▸ **DIRECTIONS**: The material below has pictures in it. Set down only the lines from the line containing "3928 Vine Trail, Lake" through the line containing "Юбка Nothing but Love", word for word, and leave the pictures behind.

▸ **SUPPLIED RECORDS**:

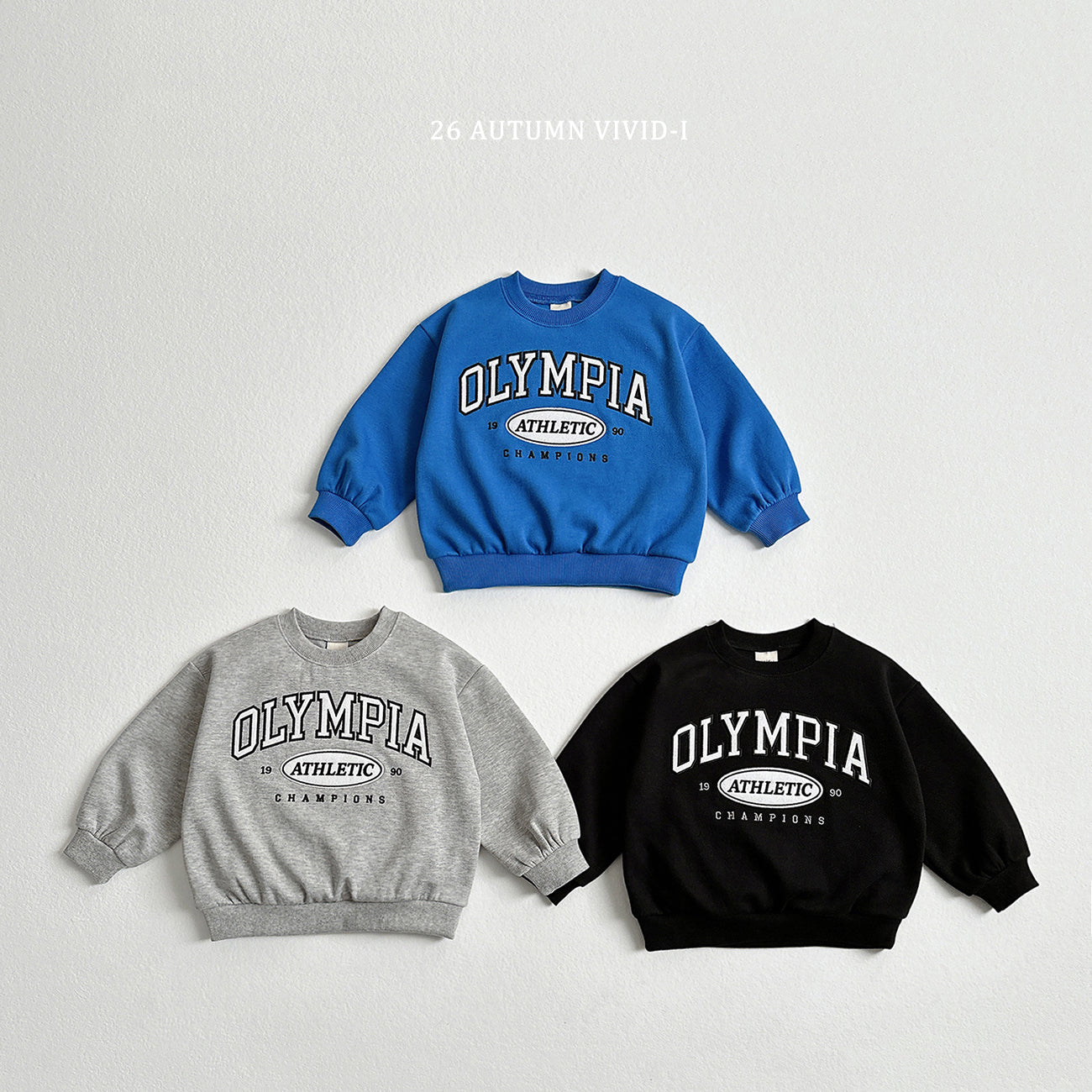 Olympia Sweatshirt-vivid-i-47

==

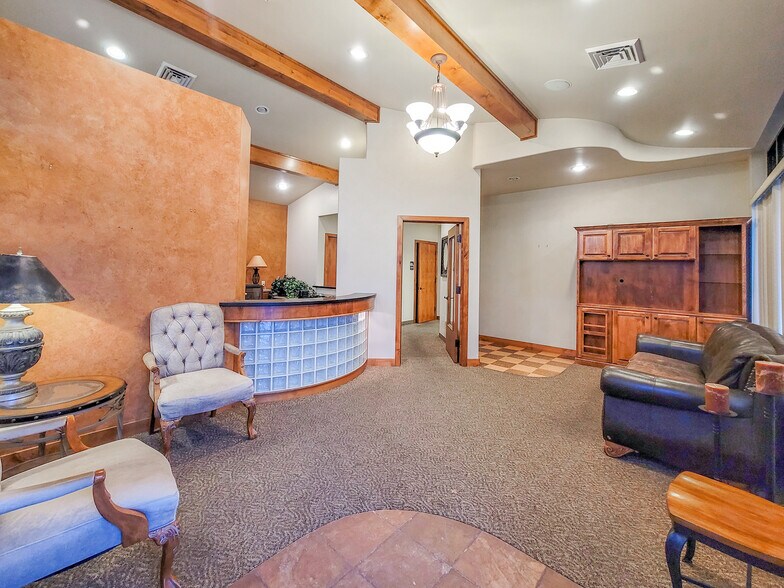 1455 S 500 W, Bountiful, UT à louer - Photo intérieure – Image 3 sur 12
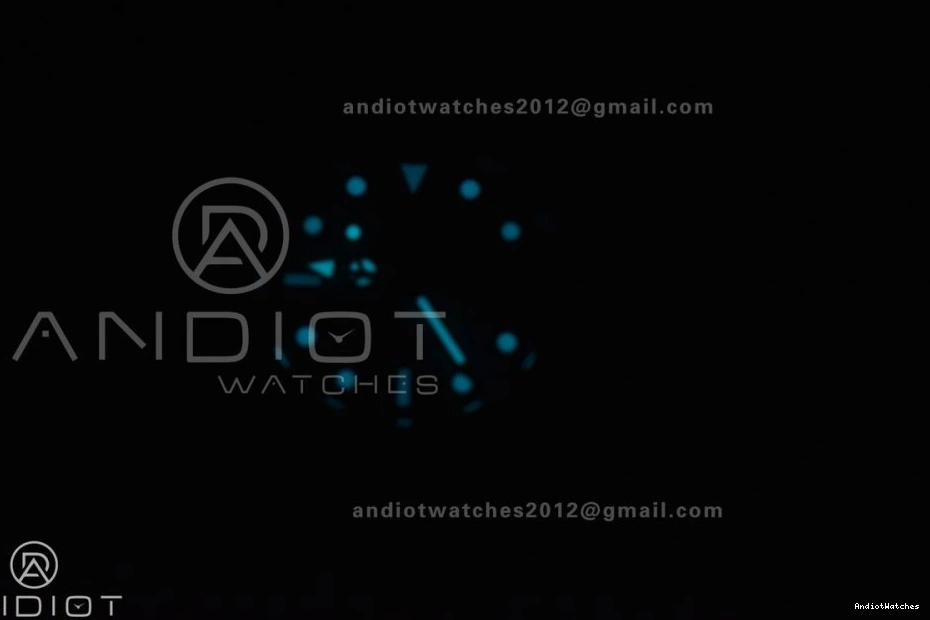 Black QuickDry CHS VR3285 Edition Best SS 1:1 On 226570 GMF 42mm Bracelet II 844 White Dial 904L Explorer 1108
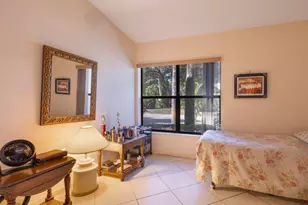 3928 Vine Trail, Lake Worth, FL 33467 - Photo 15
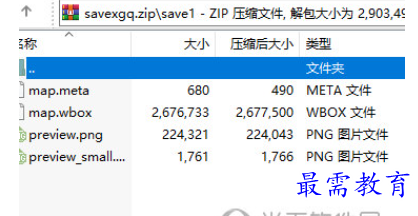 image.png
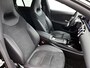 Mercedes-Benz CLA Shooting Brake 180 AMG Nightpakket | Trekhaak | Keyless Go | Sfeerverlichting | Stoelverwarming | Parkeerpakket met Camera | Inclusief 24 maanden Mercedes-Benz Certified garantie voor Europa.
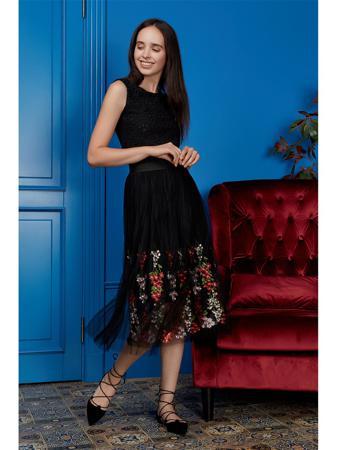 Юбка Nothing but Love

▸ **WRITTEN ANSWER**:
 3928 Vine Trail, Lake Worth, FL 33467 - Photo 15
 image.png
 Mercedes-Benz CLA Shooting Brake 180 AMG Nightpakket | Trekhaak | Keyless Go | Sfeerverlichting | Stoelverwarming | Parkeerpakket met Camera | Inclusief 24 maanden Mercedes-Benz Certified garantie voor Europa.
 Юбка Nothing but Love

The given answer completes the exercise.